CMC's own Professor Minxin Pei will address his upcoming book on the endurance of China’s dictatorship. For decades China watchers argued that economic liberalization and increasing prosperity would bring democracy to the world’s most populous country. Instead, the Communist Party’s grip on power has only strengthened. Why? The answer, Professor Pei argues, lies in the effectiveness of the Chinese surveillance state. And the source of that effectiveness is not just advanced technology like facial recognition AI and mobile phone tracking. These are important, but what matters more is China’s vast, labor-intensive infrastructure of domestic spying.

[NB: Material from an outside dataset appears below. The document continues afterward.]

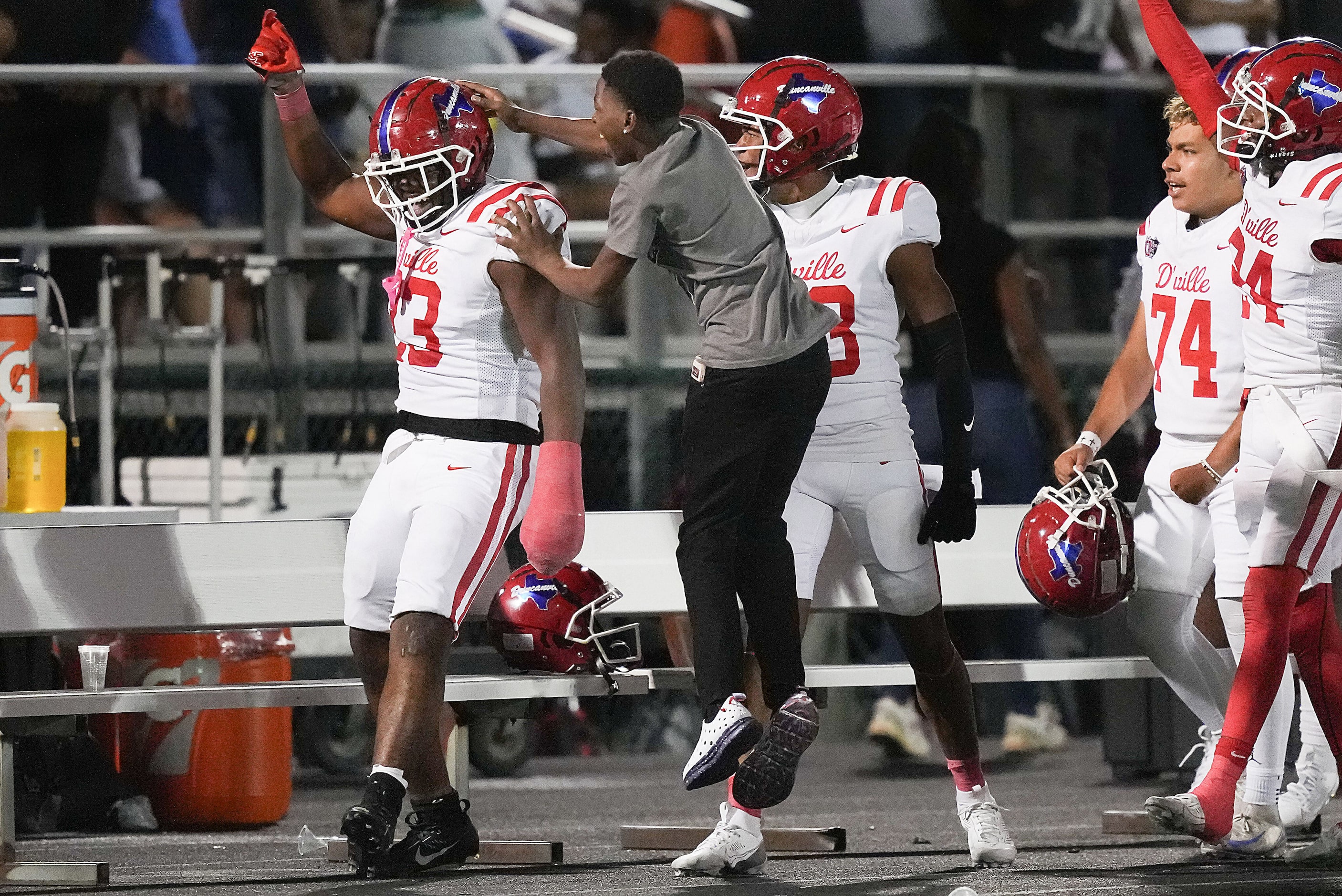 Duncanville linebacker Jaylyn Manning (33) celebrates after intercepting a pass during the...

Read more about the speaker

Minxin Pei is the Tom and Margot Pritzker ’72 Professor of Government and George R. Roberts Fellow at Claremont McKenna College. His areas of expertise include China, comparative politics, the Pacific Rim, U.S./Asia relations, and U.S./China relations. He is also a non-resident senior fellow of the German Marshall Fund of the United States. In 2019, he was the Library of Congress Chair on U.S.-China Relations. Prior to joining Claremont McKenna College in 2009, he was a senior associate at the Carnegie Endowment for International Peace and served as its director of the China Program from 2003 to 2008. He is the author of From Reform to Revolution: The Demise of Communism in China and the Soviet Union (Harvard University Press,1994), China’s Trapped Transition: The Limits of Developmental Autocracy (Harvard University Press, 2006), and China’s Crony Capitalism: The Dynamics of Regime Decay (Harvard University Press, 2016).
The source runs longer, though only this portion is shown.